C’est à ce moment-là que Marin et Nine quittèrent le Pays pour s’installer en métropole. Les fêtes, les repas, les adieux nous offrirent, au bel inconnu et moi, de multiples occasions de nous revoir. Apprenant à vivre seule, et le vivre bien, l’amitié de Gabriel me sécurisait. Sans le percevoir, je tombais sous les charmes d’un homme cultivé, accessible et réservé. Plus que les récits de ses expéditions racontés par ses amis, j’étais séduite par les subtilités de sa personnalité. C’est ce qu’il aimait lui aussi, je crois. Un dimanche soir, il posa ses lèvres sur les miennes. D’abord avec réserve. Son baiser s’emplit de fougue à mesure que les verrous en moi cédaient. Je fondis dans ses bras qui enserraient ma taille. Il me souleva de terre et mon pyjama ne put rien empêcher du désir qui circulait entre nos corps. La rencontre de nos chairs eut une évidence exquise.

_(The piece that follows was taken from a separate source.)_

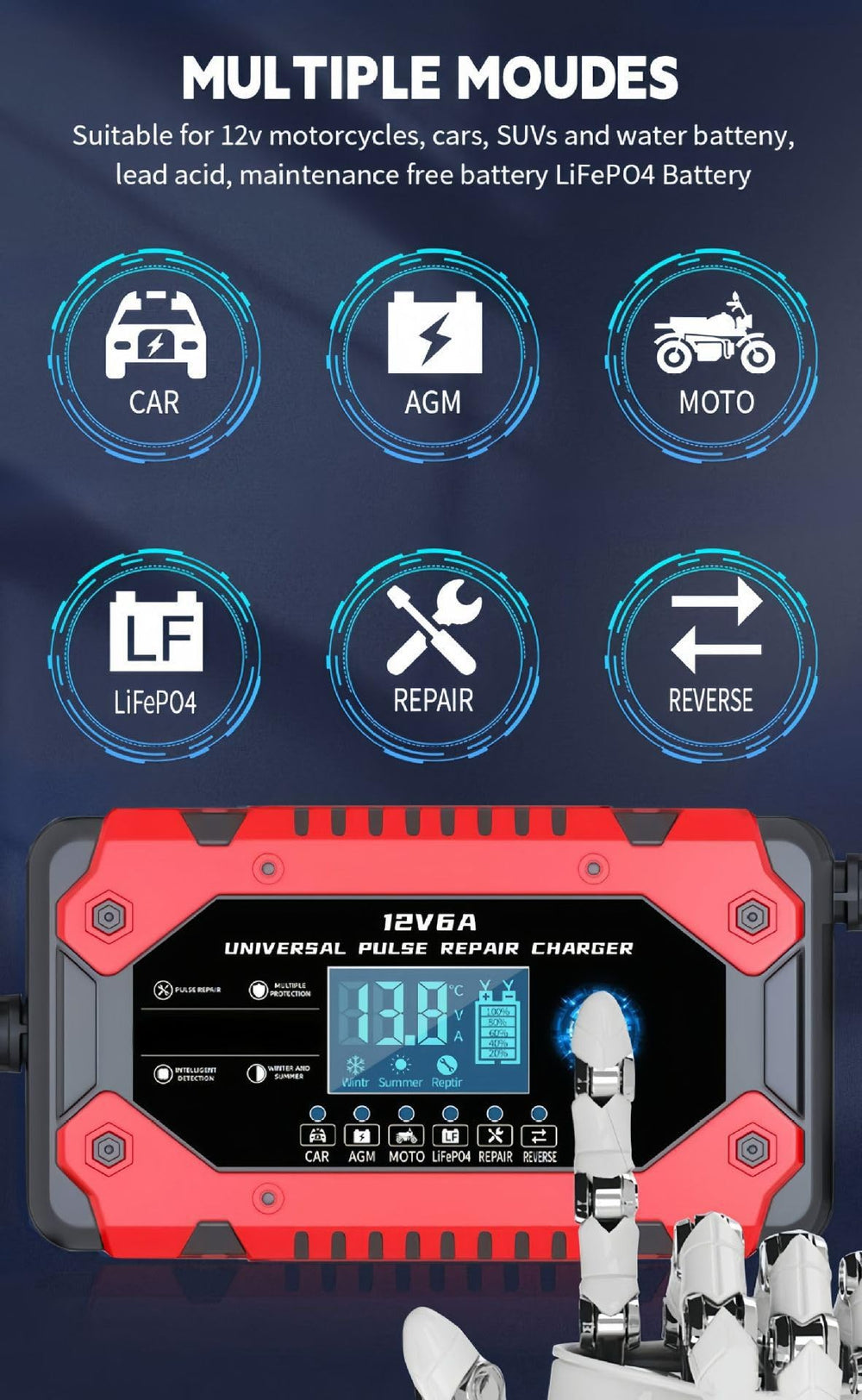 Generic charger in use on boat battery, brand supports marine battery maintenance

Deux années se sont écoulées depuis le départ de nos amis. Deux années ponctuées de découvertes amoureuses et emplies d’une envie, mutuelle, de fonder une famille, de grandir ensemble, de suivre la vie, où qu’elle nous entraine.

***

L’amas de valises déposées sur le bord de la route, nous nous empressons d’étreindre nos amis. Sous l’excitation des retrouvailles, nos langues se délient. Loïs relate les vagues souvenirs de sa vie de bambin ici. Anecdotes qu’il aime rappeler comme pour asseoir sa « Calédonienneté ». Dimitri, son jeune frère, est un bonhomme apeuré par les bouleversements qu’occasionne cette nouvelle routine loin de toute chose connue. Il cramponne les oreilles de son doudou, blotti contre sa maman.

***

Nos amis déjà emménagent dans leur nouvelle demeure, à deux pas de chez nous. Gabriel, quant à lui, s’envole pour un bref séjour professionnel sur les terres aborigènes voisines. J’attends cette solitude avec envie. Les dossiers clos, une dernière présentation et me voilà libérée de toute surcharge de travail. Enfin me prélasser dans une mollesse délicieuse : de longs bains chauds, quelques caresses sur le ventre et un sommeil bien mérité. Je prends mes aises dans mon large lit, sans craindre de gêner mon partenaire par mes rondeurs.

***

Figée. Une douleur vive me tétanise, s’empare de mon dos, le transforme en corset. Circule entre mes côtes, rejoint mon sternum, dérobe ma respiration. Chaque inspiration est un supplice. Mes bras, bien incapables, ne parviennent ni à soulager ni à libérer mon corps de l’épée. La nuit engloutit encore tout dehors. Immobile, respirer. Garder mon souffle. Patienter jusqu’à ce que le soleil pointe et consulter un médecin.